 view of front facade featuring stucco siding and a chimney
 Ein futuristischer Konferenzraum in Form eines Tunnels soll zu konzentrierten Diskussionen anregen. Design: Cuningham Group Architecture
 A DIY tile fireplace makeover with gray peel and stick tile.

» What to do
Your task is to retype the whole listing, keeping every word exactly as it is.

» Answer
 view of front facade featuring stucco siding and a chimney
 Ein futuristischer Konferenzraum in Form eines Tunnels soll zu konzentrierten Diskussionen anregen. Design: Cuningham Group Architecture
 A DIY tile fireplace makeover with gray peel and stick tile.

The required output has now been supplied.